Has there been any progress on the type system?
At the moment it seems that schema applies globally to all nodes, so effectively there is one global type?
What would be really nice, is optional types. So you can specify schema/types for nodes (and sub-nodes) if you want them, but use a default Node
type (which would work in a similar way to the current global Dgraph schema works).

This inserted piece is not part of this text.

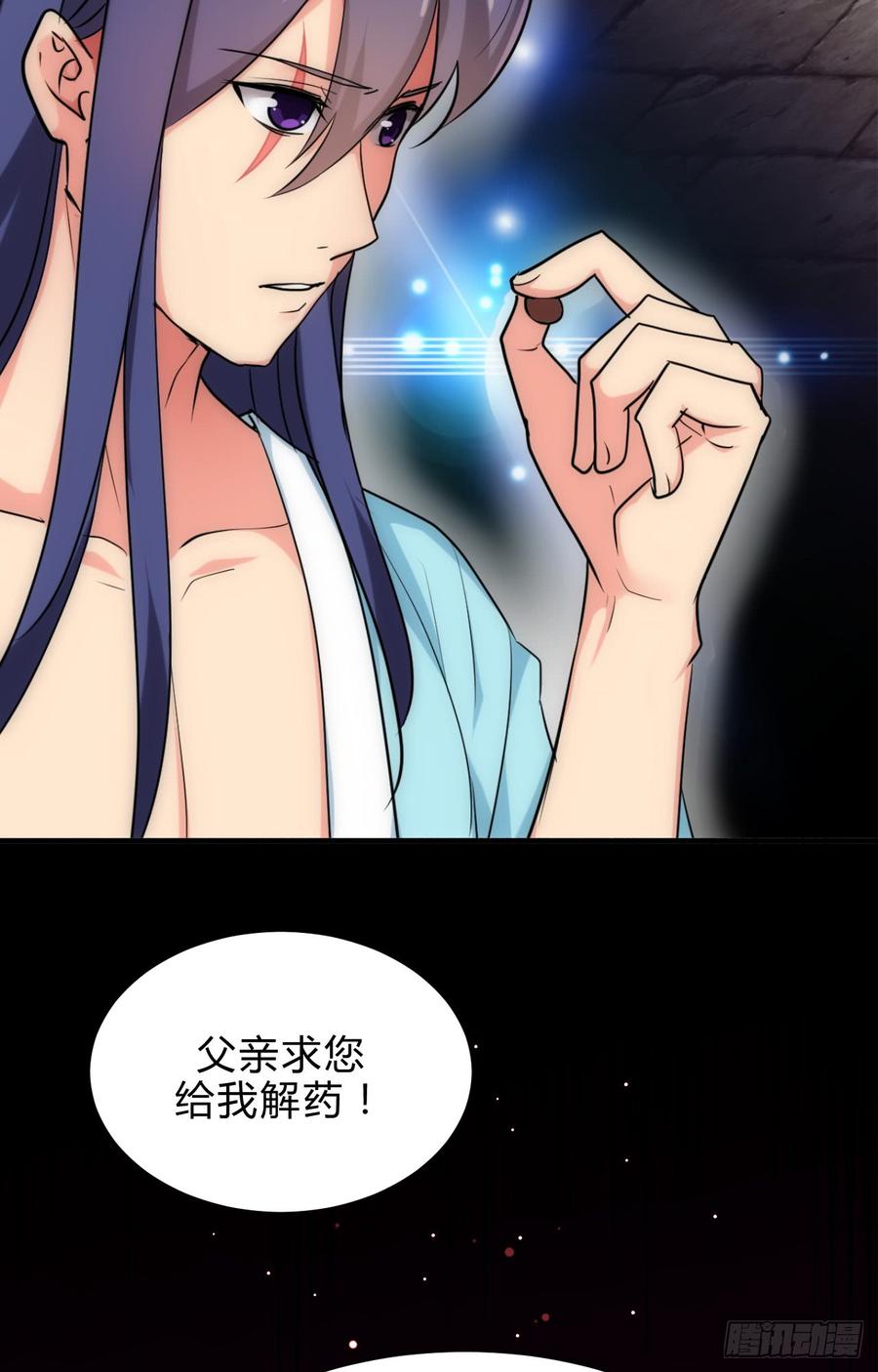 第四十四章 重新开始？！6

Reasons why types are useful:
-
You can have the same field name represent different types of values, depending on the node type. E.g. title
of a Post
is different to a title
for a User
.
-
You could request a list of a specific type, without having an ID
(so give me first 10 nodes of type User
), exploring data would then become easier too (as you wouldn’t have to always start with an ID/filter)
-
You can specify a field to be indexed for a specific node type only.
-
You can easily identify the type of node and what is trying to represent (without implementing a custom solution). This allows you to perform normalization on the client side.
-
It prevents you from putting bad data into your database.
-
It would fit much better with GraphQL (meaning it would be easier to create a GraphQL layer on top of Dgraph) and would make the transition to Dgraph easier.
-
Your database becomes self-documenting (through introspection).
GraphQL
type User {
title: String # E.g. Mr, Mrs, Ms - don't index!
name: String!
age: Int!
posts: [Post]
}
type Post {
title: String! @index # E.g. A Great Post - index!
user: User!
comments: [Comments]
}
type Comments {
text: String!
user: User!
}
Dgraph
title: String # Ambiguous
name: String
age: Int
# posts: [Post] # No equivalent
# comments: [Comments] # No equivalent
# user: User! # No equivalent
New Approach
You would be able to set up specific types and have them attached to the root query.
mutation {
type Users {
name: String
}
schema {
users: [Users]
}
}
query {
users(first: 10) {
name
}
}
If a user wanted to keep with the current Dgraph style, they could use Node
. Node
could be a default type, used without configuration but amended as required. Or, it could be a base type, so all other types would extend from it and it could be used as kind of Any):
mutation {
type Node {
title: String
name: String
age: Int
}
type User extends Node {
name: String @index
}
schema {
nodes: [Node] # All nodes, regardless of type
users: [User] # All nodes of type User
}
}
query {
customLookup1: nodes(id: $id) {
title
}
nodes(first: 10) {
title
}
}
You could keep the current RDF type for set
, which I really like (especially as you can do bulk transactions).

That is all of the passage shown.